━━ RECORDS SUPPLIED

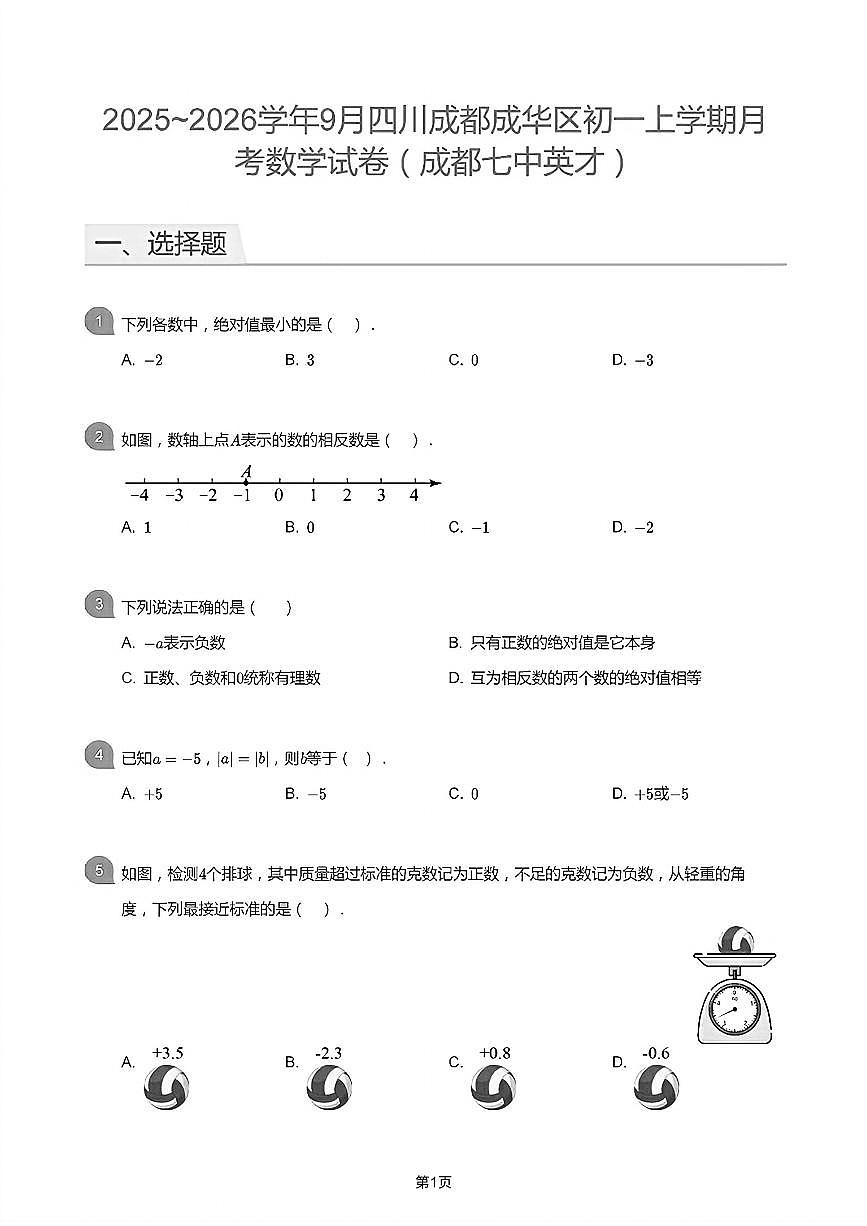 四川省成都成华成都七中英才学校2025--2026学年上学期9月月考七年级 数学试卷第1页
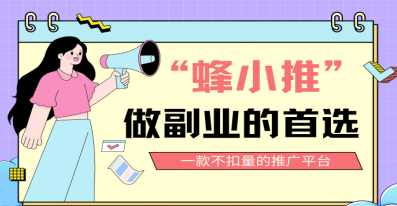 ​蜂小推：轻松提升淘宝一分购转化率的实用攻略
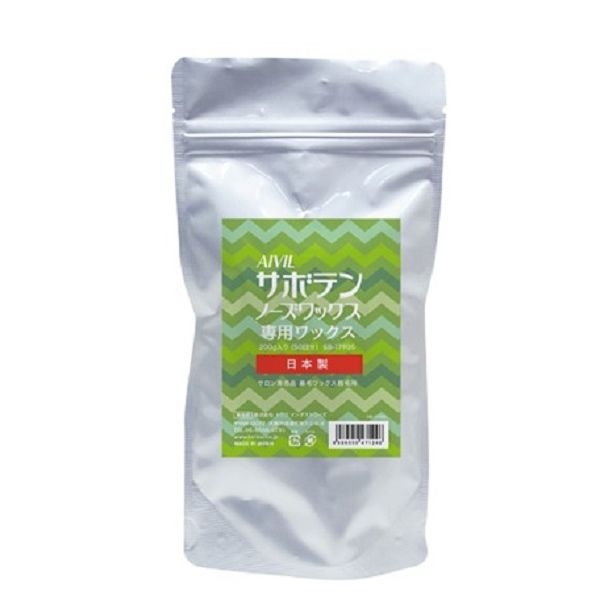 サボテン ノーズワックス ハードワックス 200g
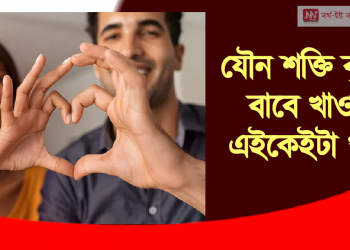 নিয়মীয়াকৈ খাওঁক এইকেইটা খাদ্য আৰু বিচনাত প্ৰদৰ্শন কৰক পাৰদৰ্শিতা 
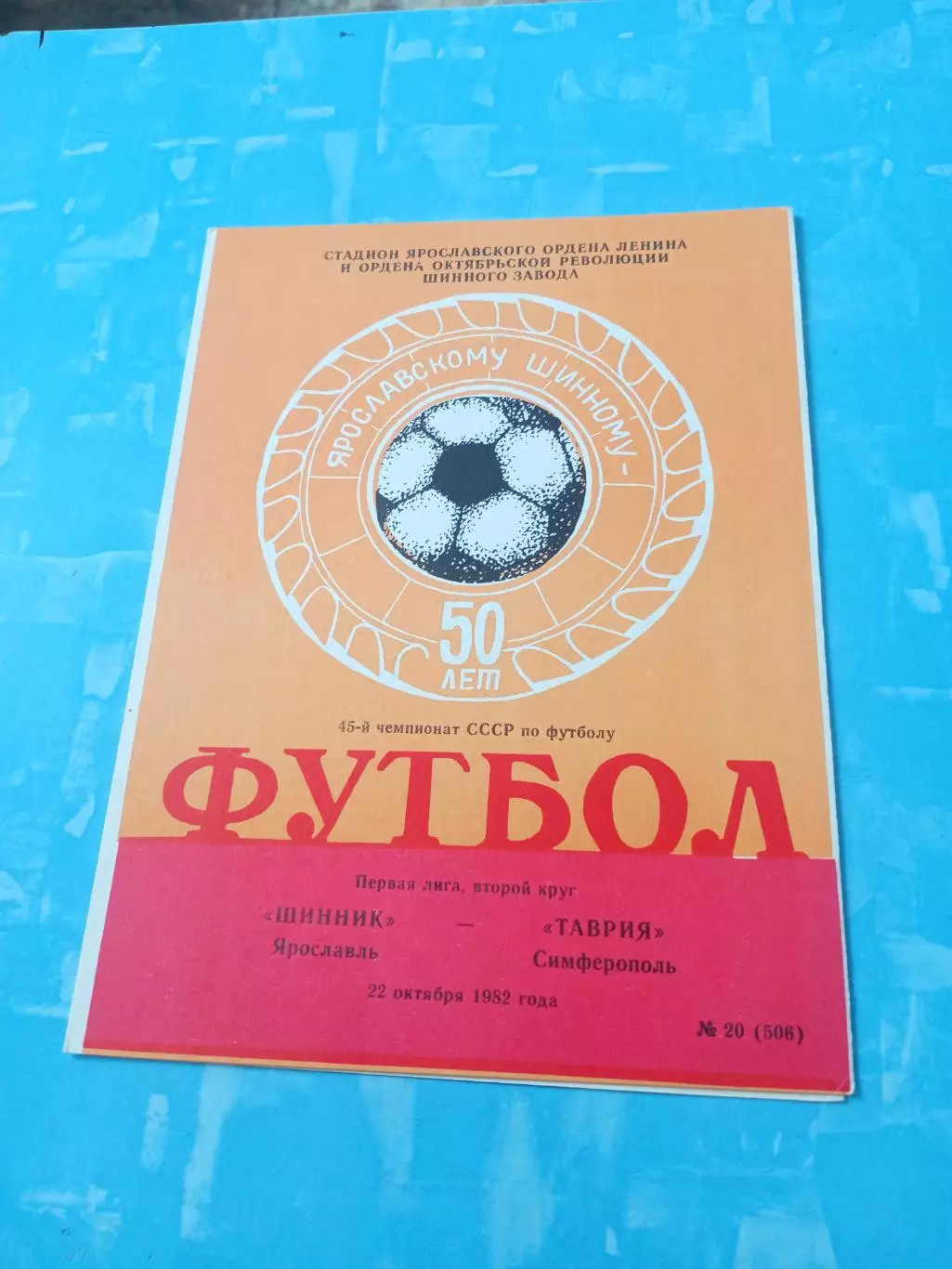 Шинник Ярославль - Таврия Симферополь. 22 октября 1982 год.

━━━━

TASK BRIEF —
All entries above are to be restated exactly, with every image omitted.

SOLUTION —
 四川省成都成华成都七中英才学校2025--2026学年上学期9月月考七年级 数学试卷第1页
 ​蜂小推：轻松提升淘宝一分购转化率的实用攻略
 サボテン ノーズワックス ハードワックス 200g
 নিয়মীয়াকৈ খাওঁক এইকেইটা খাদ্য আৰু বিচনাত প্ৰদৰ্শন কৰক পাৰদৰ্শিতা 
 Шинник Ярославль - Таврия Симферополь. 22 октября 1982 год.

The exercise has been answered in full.